#### PROBLEM TO WORK ON:
For the material below, the expected output is exactly the lines between the line holding "Three wrapped Great" and the line holding "Women's Antigua Olive", inclusive, with pictures left out.

#### DATA EXCERPTS:

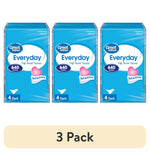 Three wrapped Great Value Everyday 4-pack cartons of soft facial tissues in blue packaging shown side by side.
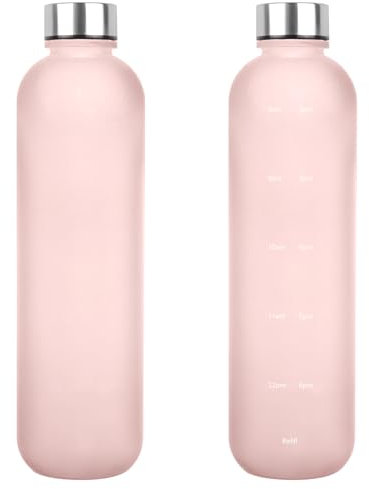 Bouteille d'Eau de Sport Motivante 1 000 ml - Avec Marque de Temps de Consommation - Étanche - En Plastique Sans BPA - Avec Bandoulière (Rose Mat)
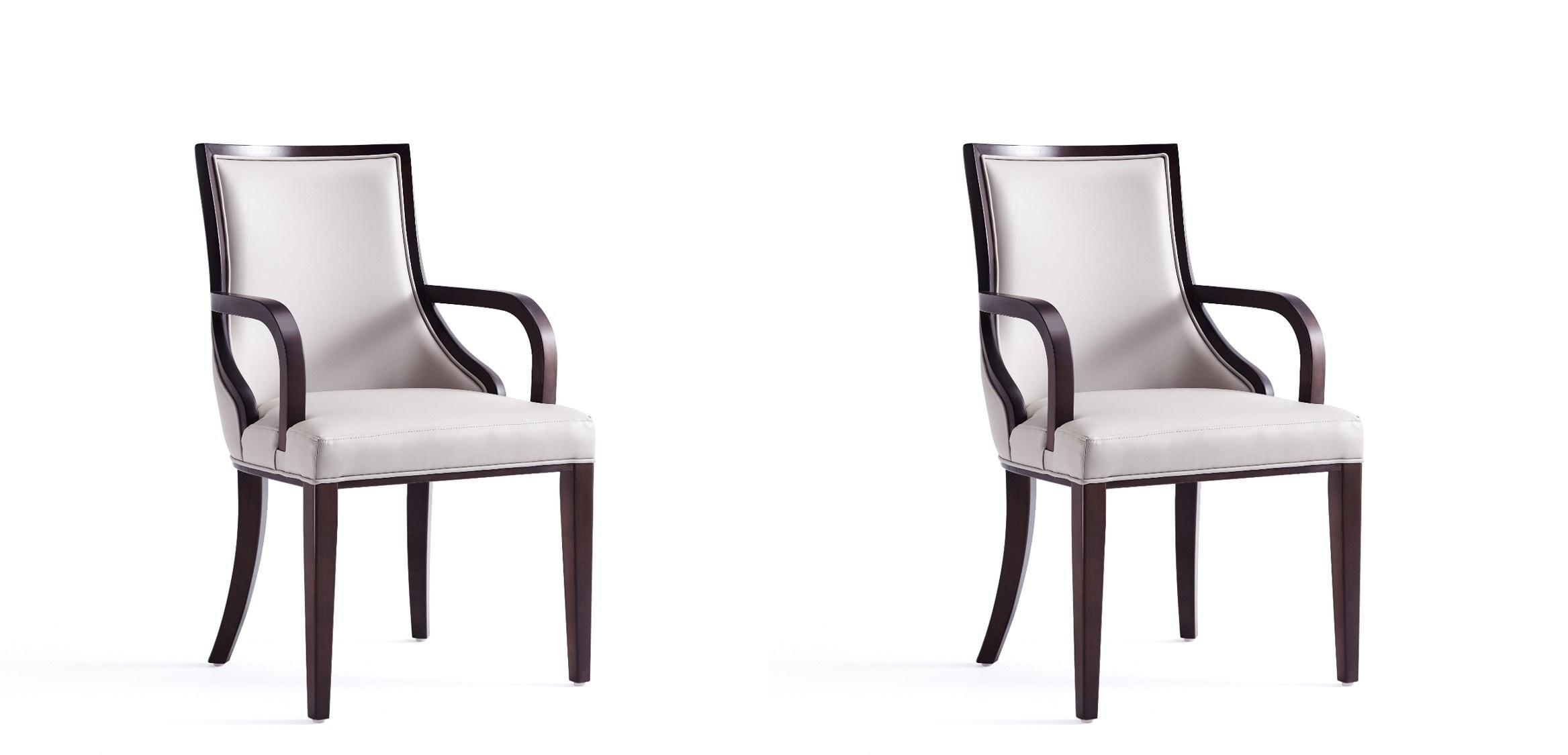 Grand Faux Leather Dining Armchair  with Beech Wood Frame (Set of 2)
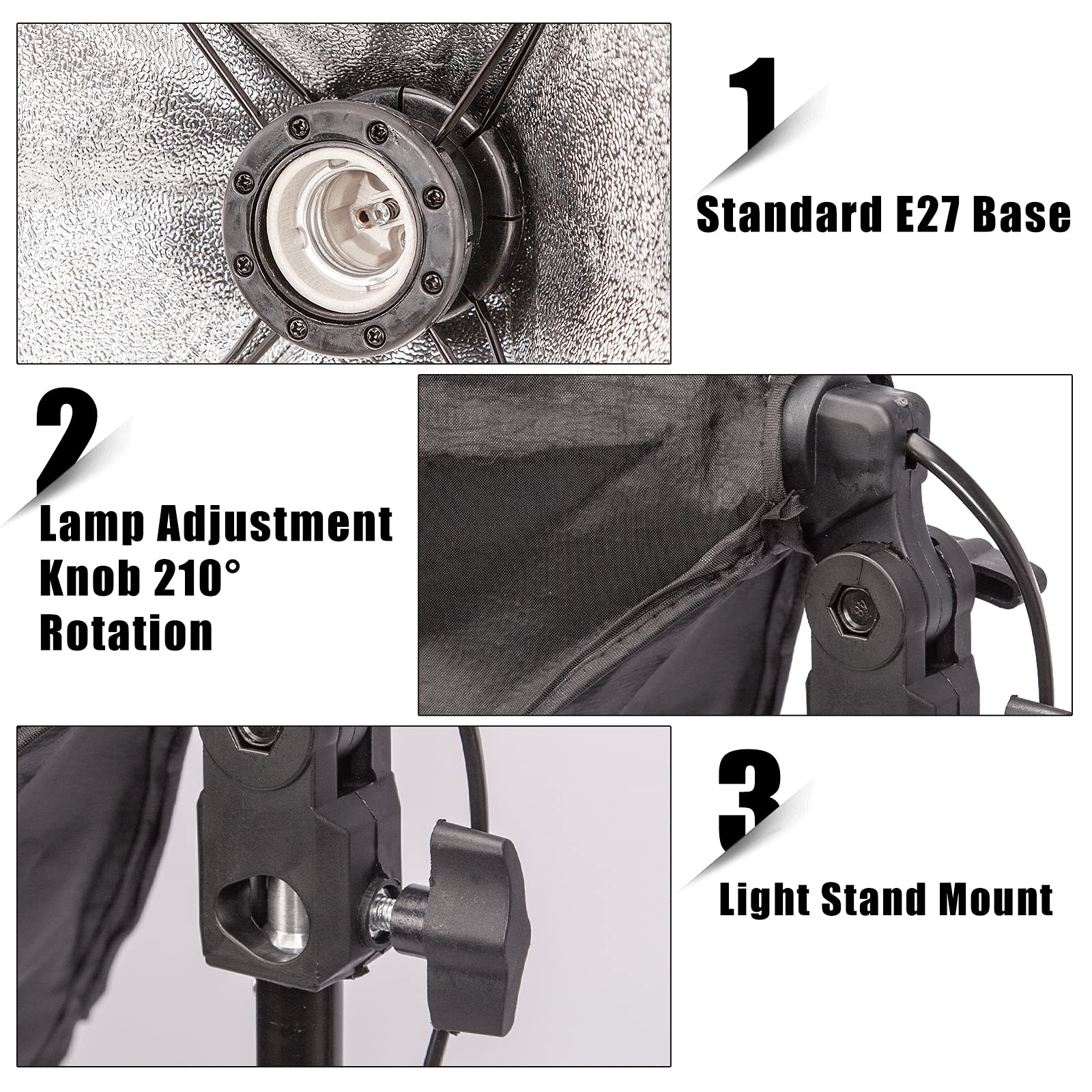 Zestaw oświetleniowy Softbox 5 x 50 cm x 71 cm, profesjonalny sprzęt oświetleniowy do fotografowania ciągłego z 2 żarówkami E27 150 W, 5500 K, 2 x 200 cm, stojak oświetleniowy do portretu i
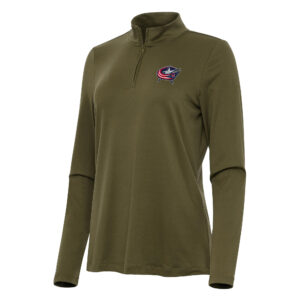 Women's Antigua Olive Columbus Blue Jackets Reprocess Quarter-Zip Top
--
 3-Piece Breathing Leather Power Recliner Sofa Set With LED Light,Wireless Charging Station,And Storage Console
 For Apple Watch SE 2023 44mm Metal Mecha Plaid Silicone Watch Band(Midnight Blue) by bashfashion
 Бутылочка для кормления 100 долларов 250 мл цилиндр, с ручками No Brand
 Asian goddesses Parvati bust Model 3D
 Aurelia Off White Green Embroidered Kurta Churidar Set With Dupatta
...
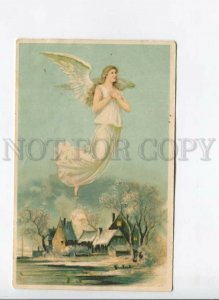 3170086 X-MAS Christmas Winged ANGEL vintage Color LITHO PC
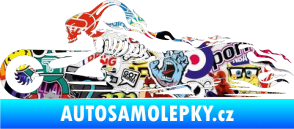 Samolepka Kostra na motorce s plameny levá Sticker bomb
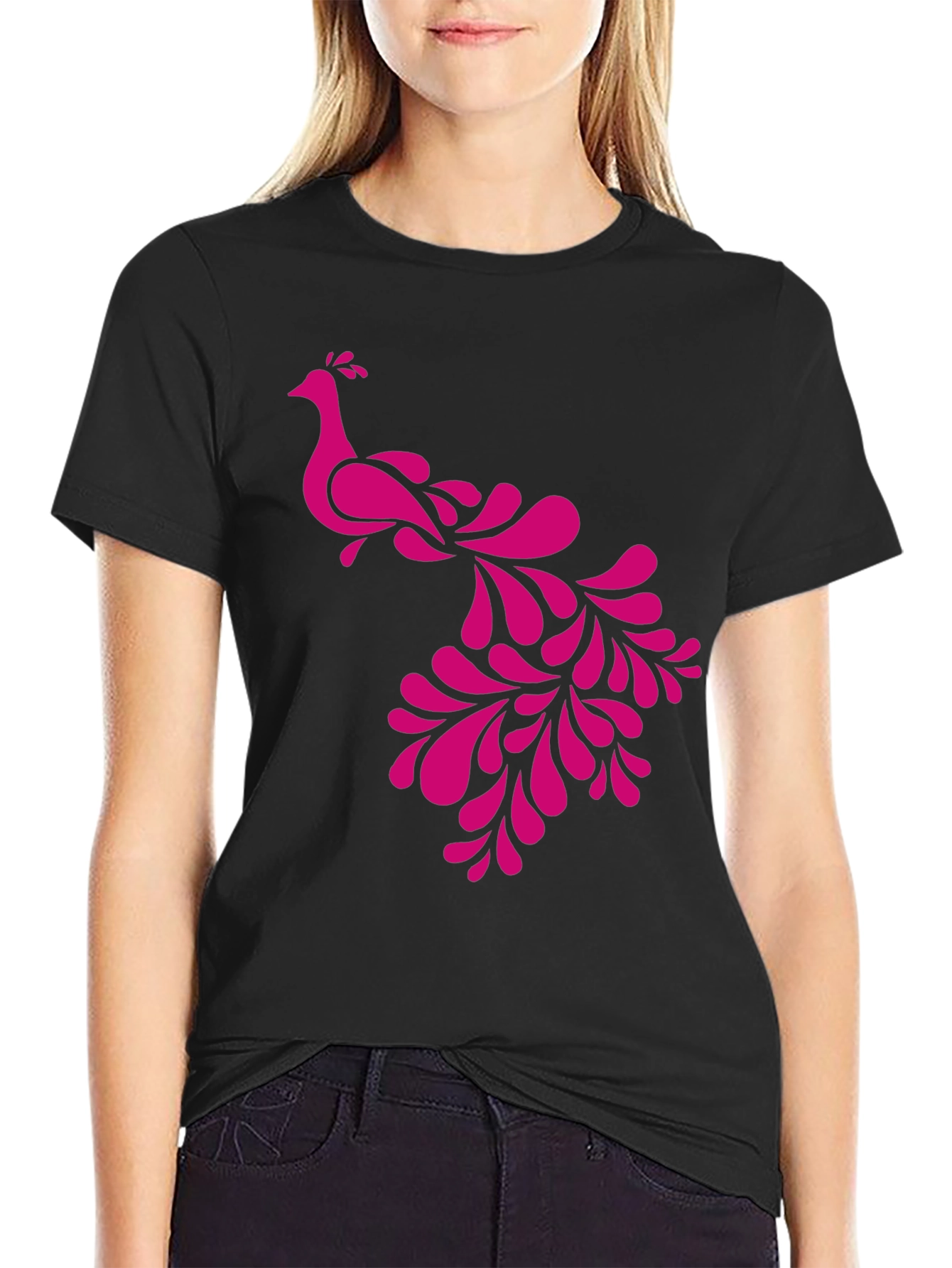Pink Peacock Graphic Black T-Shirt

#### OUTPUT:
 Three wrapped Great Value Everyday 4-pack cartons of soft facial tissues in blue packaging shown side by side.
 Bouteille d'Eau de Sport Motivante 1 000 ml - Avec Marque de Temps de Consommation - Étanche - En Plastique Sans BPA - Avec Bandoulière (Rose Mat)
 Grand Faux Leather Dining Armchair  with Beech Wood Frame (Set of 2)
 Zestaw oświetleniowy Softbox 5 x 50 cm x 71 cm, profesjonalny sprzęt oświetleniowy do fotografowania ciągłego z 2 żarówkami E27 150 W, 5500 K, 2 x 200 cm, stojak oświetleniowy do portretu i
 Women's Antigua Olive Columbus Blue Jackets Reprocess Quarter-Zip Top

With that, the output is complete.